The real winners of the AI Race

Microsoft, Amazon, Google and Nvidia

Posted in category:
Long read
Written by:
Written by: Margarida Silva
Published on:

The so-called “AI Race” is dominating business and policy discussions on technology. With companies and states competing to conquer the developing genAI market, start-ups like OpenAI(opens in new window) ,  Anthropic, and Mistral(opens in new window) are often viewed as national champions with the potential to challenge the dominance of Big Tech. However, SOMO’s analysis of the value chains of the 12 most valuable genAI start-ups tells another story: start-ups are highly dependent on Big Tech firms.

Key findings:

  • Start-ups are highly dependent on Big Tech firms:
    • 11 start-ups use Nvidia for the AI-specialised chips used to train and deploy genAI; 
    • 10 rely on Amazon, Microsoft, and Google for the AI infrastructure needed to train and run their models; and 
    • 9 commercialise their models via Amazon, Microsoft, and Google platforms.
  • Big Tech companies have also established partnerships with genAI start-ups, increasing their ability to dominate the development and commercialisation of AI.
  • GenAI start-ups do little to fostering diversity or competition in digital markets. Big Tech companies continue to exercise significant control over the market for new products, even those developed by other companies.
  • As AI is increasingly taken up by business and public services, public authorities – particularly competition regulators – must scrutinise the market closely and act decisively to prevent greater concentration of power.
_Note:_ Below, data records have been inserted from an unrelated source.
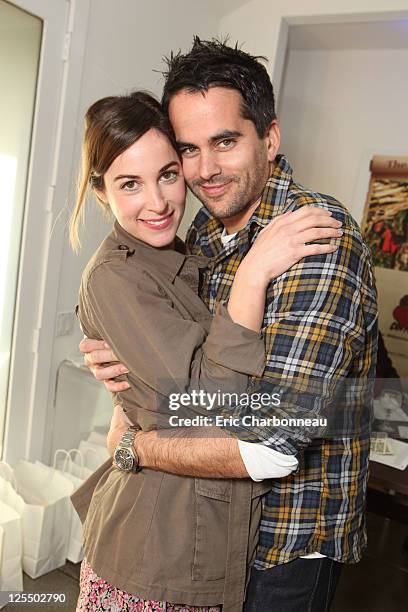 Lindsay Sloane and Dar Rollins at the African Millennium Foundation Fundraiser Partnered with Grey Goose to raise funds to buy solar ovens for AIDS...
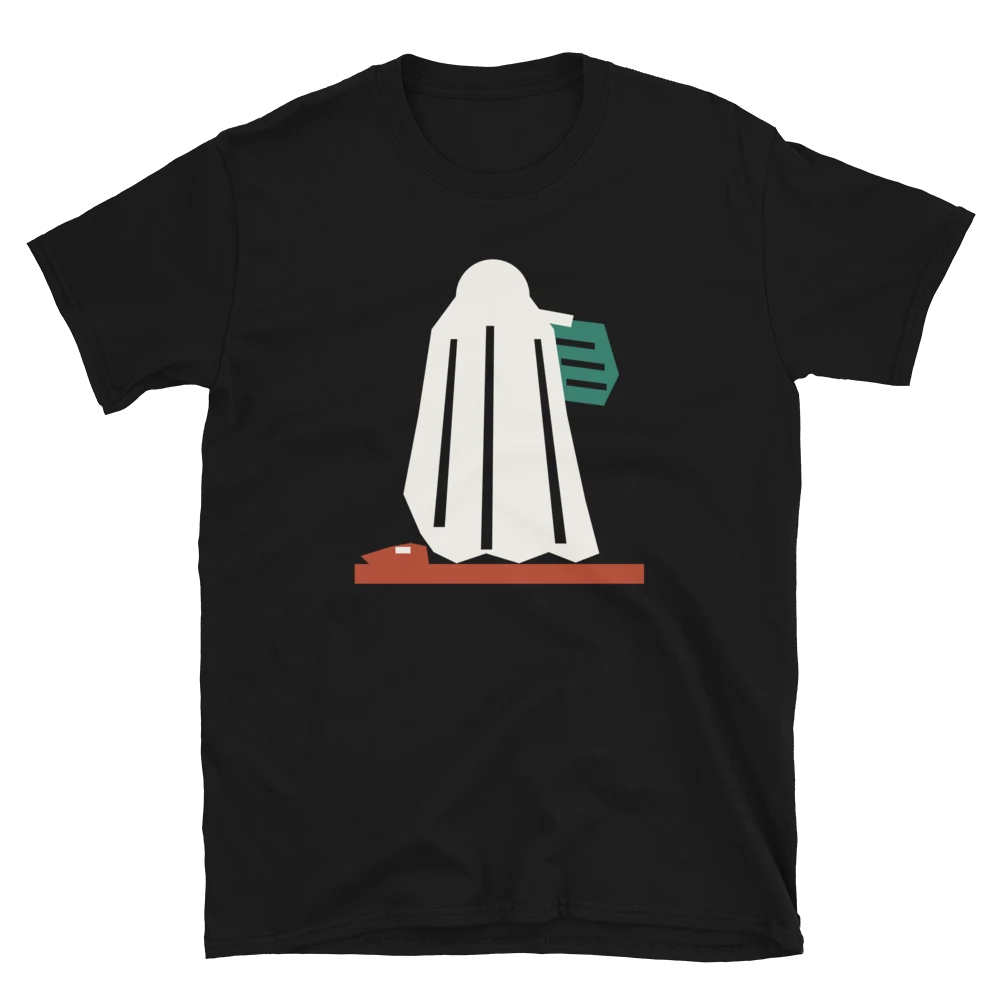 Que viene el Coco, camiseta de algodón en color negro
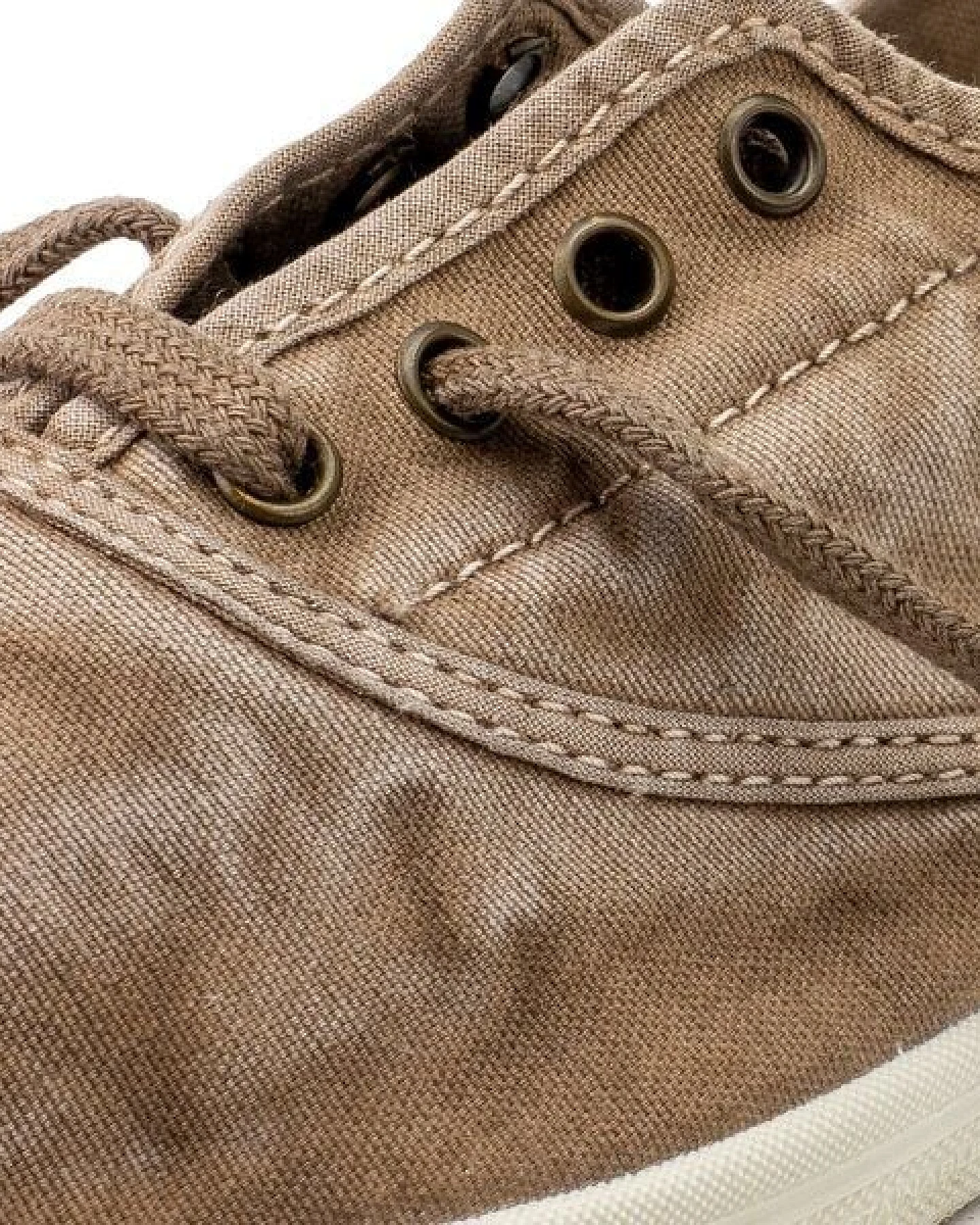 natural world Vegane Damen Sneaker washed (beige claro) – Ansicht 2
The complex value chain of genAI

Generative AI (genAI) is a type of artificial intelligence system that can create new outputs, including text, images, code, audio, and video, with OpenAI’s ChatGPT being the most well-known. These systems are built upon a complex value chain(opens in new window) , in which each link continuously interacts with the other.

SOMO analysed the value chains of 12 genAI start-ups, mapping key components of each company’s operations, including chips, infrastructure, data sources, data workers, and capital. (Read more about our methodology here.) 

In this article, we explore the hardware, infrastructure, and platform components of the value chain of the most valuable start-ups developing genAI models. While there is a diversity of models, our analysis reveals that genAI start-ups rely on Big Tech firms for key inputs and paths to market. The market power of Big Tech companies means that new players, even significant innovators in AI, are highly dependent on them. 

Nvidia dominates the design and sale of AI chips 

At the core of GenAI’s value chain are specialised AI chips. Such chips are optimised for the heavy workload of processing data in order to find patterns (training AI models) and providing results to users’ queries (inference). 

In our sample, 11 of the 12 start-ups used Nvidia AI chips, such as A100 or H100 Graphic Processing Units (GPUs). In fact, Nvidia dominates the AI chip design market, with a market share(opens in new window) ranging from 80% to 95%. The company’s pre-eminence is not due solely to its chip design, but also to the software used to optimise its chips, Compute Unified Device Architecture (CUDA). CUDA has been described as Nvidia’s “moat”(opens in new window) , the technical advantage that isolates it from competition.  

Some start-ups also used chips from Amazon, Google, Microsoft, and Cerebras. However, these seem to be complementary to Nvidia’s products, rather than replacements.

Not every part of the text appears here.